━━ Data to examine ━━

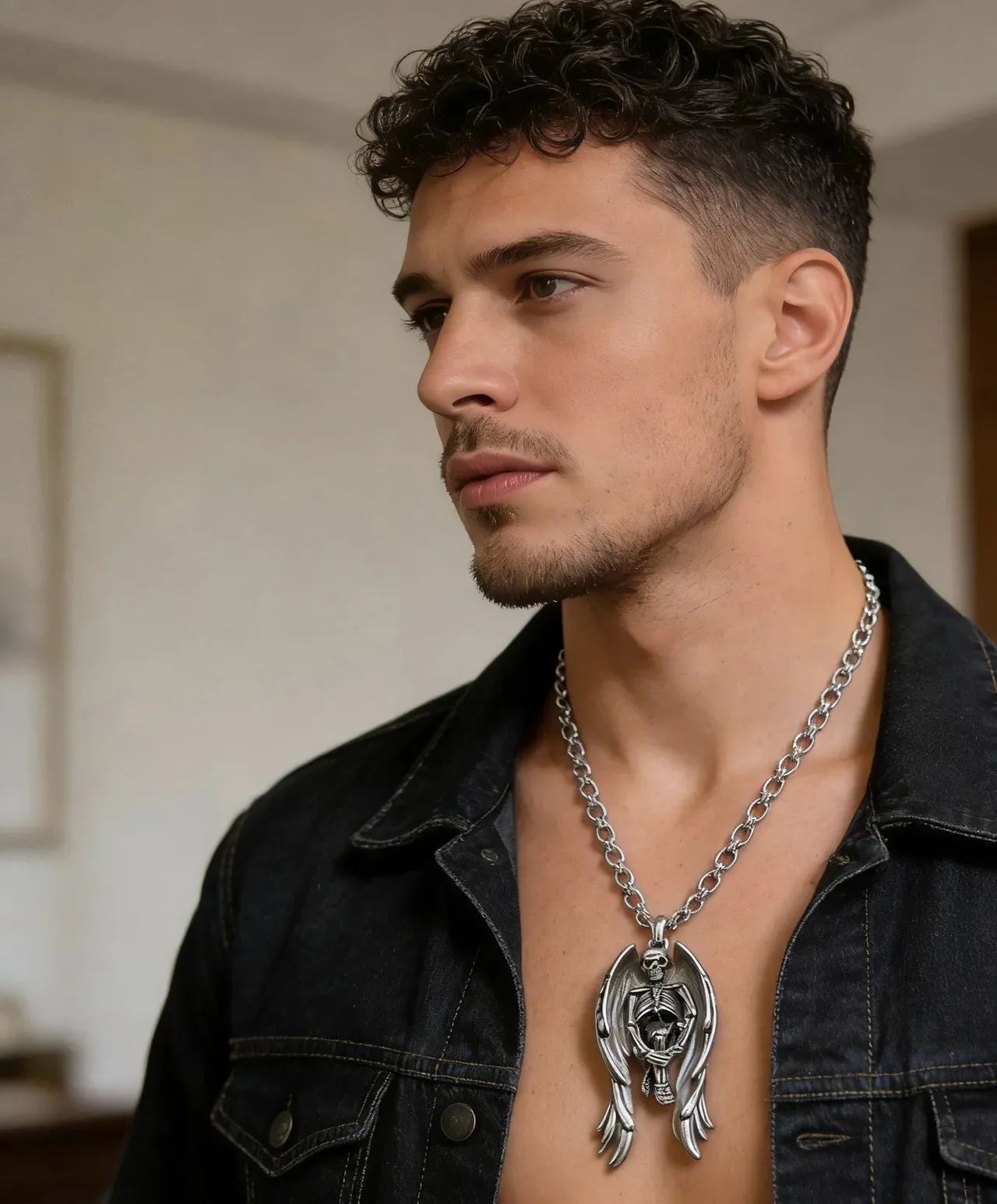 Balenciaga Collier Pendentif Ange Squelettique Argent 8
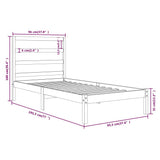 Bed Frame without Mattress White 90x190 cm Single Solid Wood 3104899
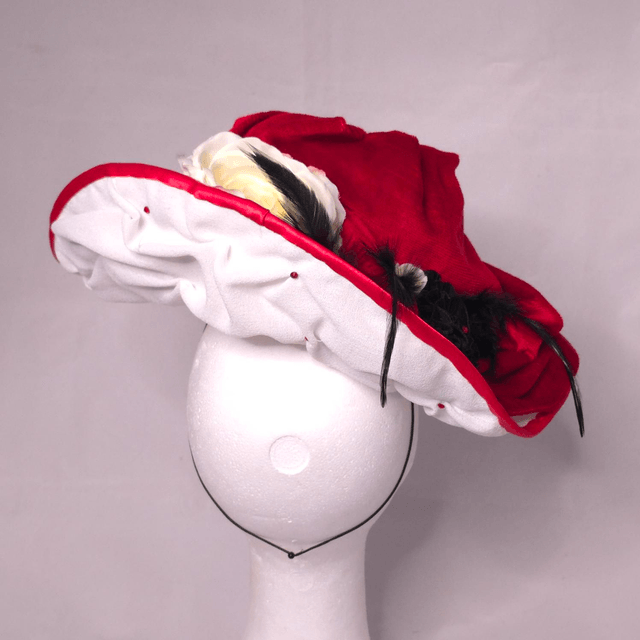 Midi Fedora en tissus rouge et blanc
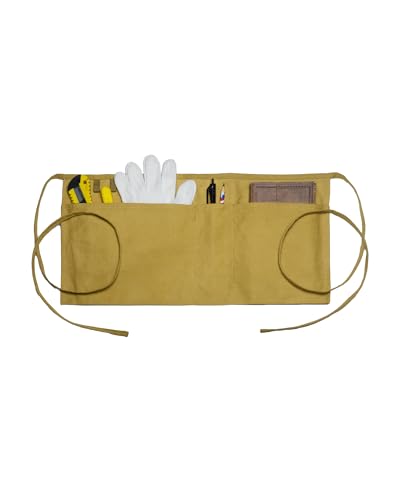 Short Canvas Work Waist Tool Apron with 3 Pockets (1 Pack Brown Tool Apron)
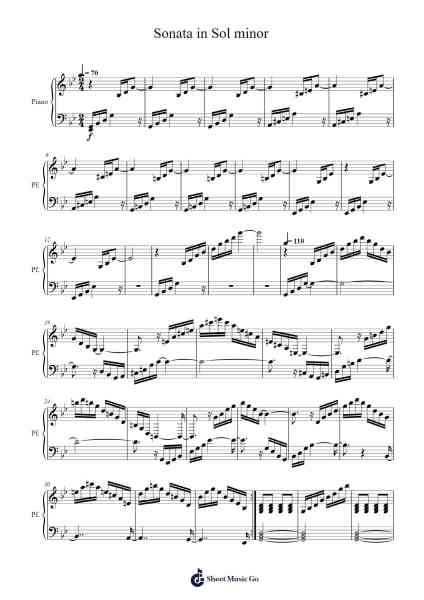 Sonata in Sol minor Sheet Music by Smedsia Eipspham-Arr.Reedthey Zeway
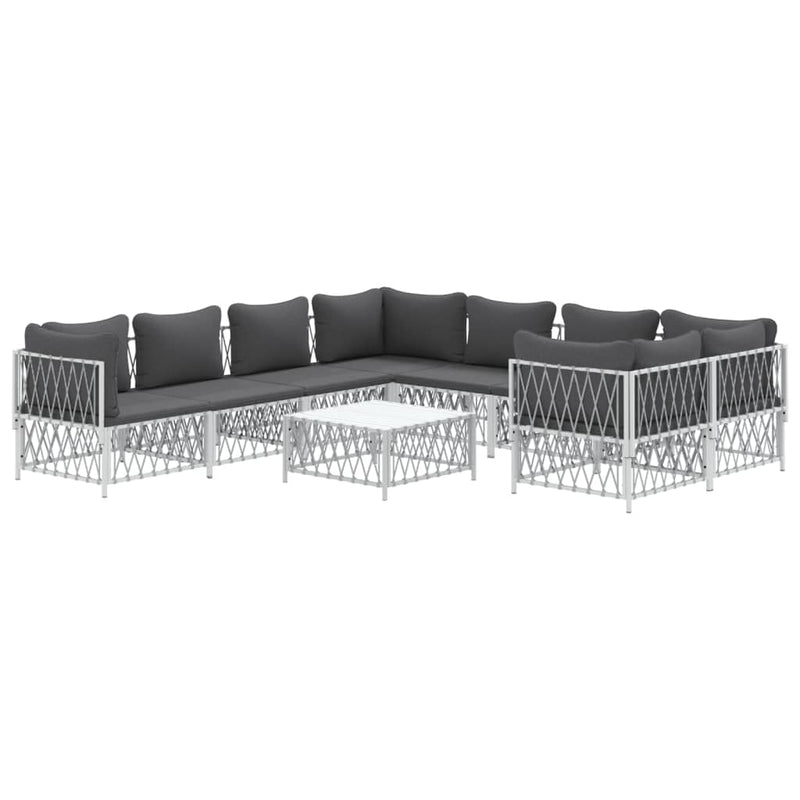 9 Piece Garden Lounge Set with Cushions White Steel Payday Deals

━━━

# Try it
Copy every record exactly, without the pictures.

# Expected answer
 Balenciaga Collier Pendentif Ange Squelettique Argent 8
 Bed Frame without Mattress White 90x190 cm Single Solid Wood 3104899
 Midi Fedora en tissus rouge et blanc
 Short Canvas Work Waist Tool Apron with 3 Pockets (1 Pack Brown Tool Apron)
 Sonata in Sol minor Sheet Music by Smedsia Eipspham-Arr.Reedthey Zeway
 9 Piece Garden Lounge Set with Cushions White Steel Payday Deals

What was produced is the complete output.